When traveling, it is easy to feel very disconnected from all that is familiar. In the past, I have made quite an effort to fit in when I have lived and traveled overseas. On this most recent voyage to France, I certainly want to speak French with as much ease and proper pronunciation as possible, but I also find that I feel more free to be myself. I don’t necessarily think of myself as solely an American. In fact, I have rarely felt like I “fit in” in the United States. I simply feel more at ease in my own skin and find myself worrying less about asking questions about culture, how to wrap a scarf in the French way, the meaning of a word. I don’t mind that people see me taking a photograph of every little detail. I like noticing the details.
Of course, I am also realizing that it might be freeing to leave some of the details to the capacity of my memory and others to fate. My husband tells me that it might not be necessary to take a photograph every three steps as we walk through the city of Arles. I realize that I spend so much time trying to capture everything that I may be missing out on the experience of just being immersed in the beauty of the peeling paint, the fragments of stone walls, the awe of imagining growing up in a place with such history and just thinking of it as home.
When I lived in Africa, after six months I felt like I was simply walking through the streets and markets of my home. Yet when I showed photographs of my life to friends and family, they would exclaim that it was as though I was living in a National Geographic magazine.
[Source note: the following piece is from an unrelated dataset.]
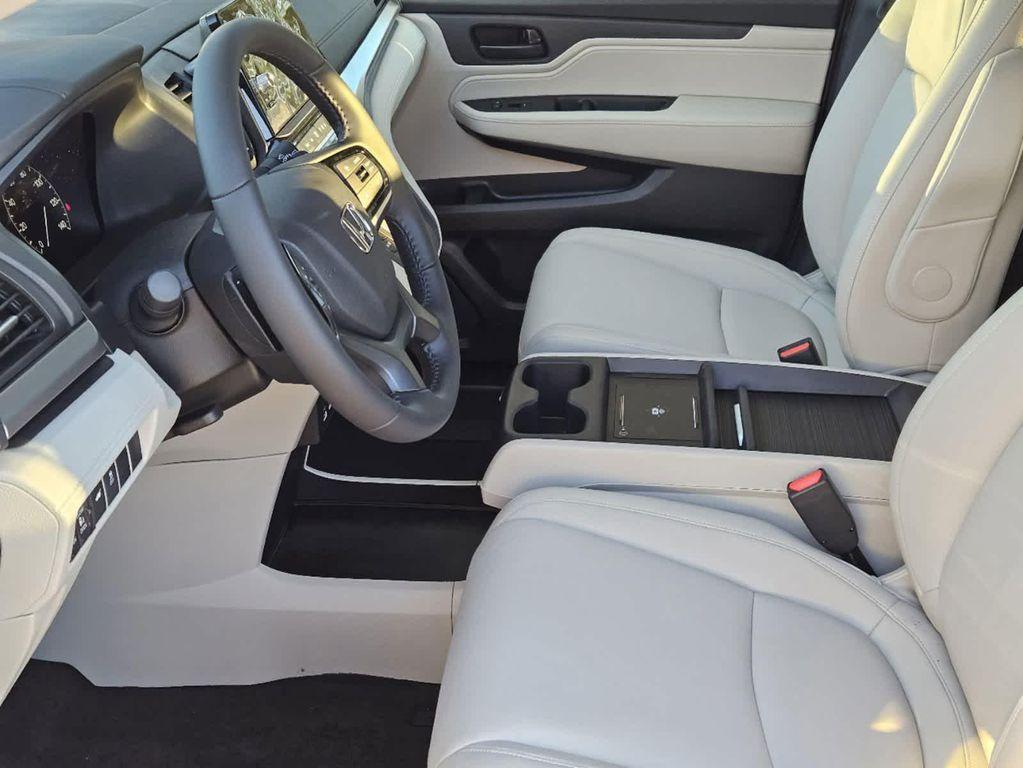 new 2026 Honda Odyssey car, priced at $45,685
So, here I am taking photos of people’s everyday, trying to capture it all for my own personal National Geographic.
I also find myself struggling with wanting to buy the beautiful things I see: a pair of earrings, a skirt, a wind chime with a wren in metal on top.
There are so many things in the world; you cannot have them all. Perhaps, you should think of the National Park statement, leave only footprints, take only images, my husband tells me.
I know he is right, but I still want the wren chime.
I take a photo, and we continue walking.
I wonder if my desire to buy the beautiful things I see is connected to a desperate feeling of not wanting to regret anything in my life. I have this one opportunity to live, and I don’t want to miss out.
But I know that this concept, too, is beyond ridiculous. Each choice I make opens one door while closing another. And that is ok. It just is.
I see images of friends in foreign places and imagine their lives are more full than mine. But I know that each person makes some sacrifices for the life they choose to lead. I have made sacrifices to be where I am today, but I am better for it.
So now, I am working on sacrificing the very first world problem of keeping my life simple and light.